USD: Understandable initial FX reaction

The US dollar has advanced further this morning which we view as an understandable reaction to the news that President Trump is preparing to announce the nomination of Kevin Warsh to be the next Fed Chair. It’s an understandable reaction as this would confirm who the next Fed Chair will not be – Kevin Hassett or Rick Rieder. Both of these candidates have been in the running and were deemed favourites at different stages and were perceived by the markets as being inexperienced and being too close to President Trump and hence would be more easily influenced.
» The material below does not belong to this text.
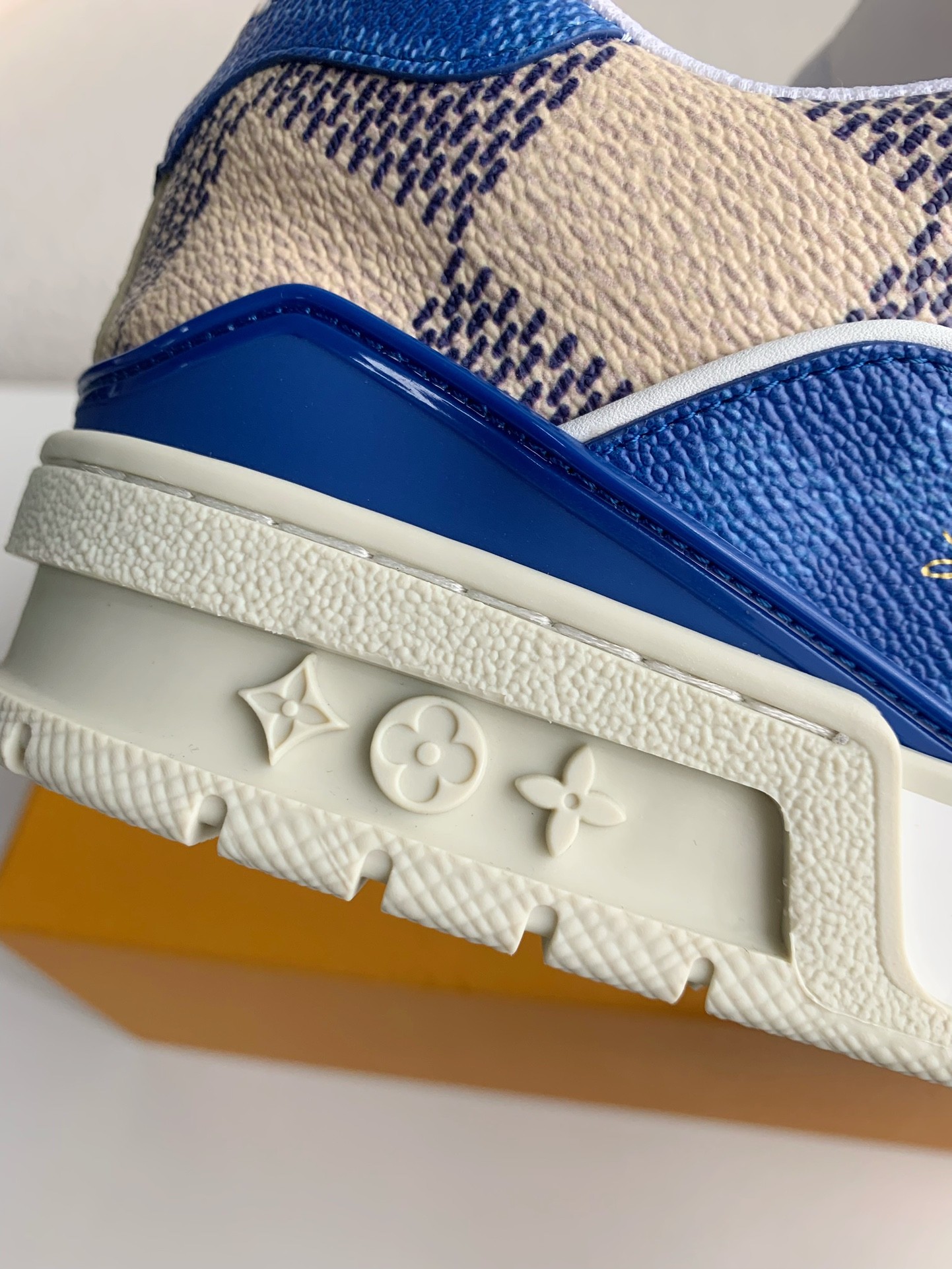 Product detail 13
That is certainly not the case with Kevin Warsh and for most of last year the probability markets rarely gave him more than a 20% chance of becoming Fed Chair. He has experience having served on the board before but that time on the board was a period in which he was viewed by the markets as a hawk. His prospects had improved after meeting President Trump on 10th December and prior to that any public comments made were certainly consistent with wanting rates lower. On 23rd July last year Warsh stated that he would support a rate cut at the FOMC meeting the following week (they didn’t cut) and perhaps importantly in explaining why he looks to have got the job added back in July that “we need changes in leadership” and “regime change in everything the Fed does”. On 17th July Warsh spoke of the need to address the lost credibility at the Fed by introducing fundamental change and strongly criticised the Fed for delaying rate cuts. Of course the Fed did then cut further, by 75bps, so how strongly Warsh now believes rates should be cut is less clear as he has made no public comments of late. But it is safe to assume that if he is getting the job, he likely believes there is still ample room to cut further. He is also a strong advocate of the Fed separating itself from fiscal management and has previously called for a notable reduction in the size of the Fed’s balance sheet.

This will make for an intriguing period given the Fed has just announced a renewed expansion of the balance sheet but if he is to push on balance sheet shrinkage then we are certainly likely to see a reduction in longer-term Treasuries held on the balance sheet. Curve steepening is clear to see today in the UST bond market and that makes complete sense.

Who Kevin Warsh is not, like stated above, means the bounce for the dollar is understandable. Warsh is a strong advocate of Fed independence so fears over independence being eroded should recede which is also dollar supportive. However, Warsh is a strong advocate of cutting rates. One important difference potentially could be Warsh’s credibility vs the likes of Hassett or Rieder. That stronger credibility means Warsh stands a much better chance of swaying the rest of the FOMC in the direction he advocates and hence an initial period of rate cuts should actually now be viewed as more likely. Also, if balance sheet shrinkage is a goal pursued, rate cuts at the short-end of the curve would be an important offset. Curve steepening tends to coincide with US dollar depreciation and with rate cuts potentially more likely to be delivered under a Warsh FOMC we suspect this initial bounce for the dollar will fade.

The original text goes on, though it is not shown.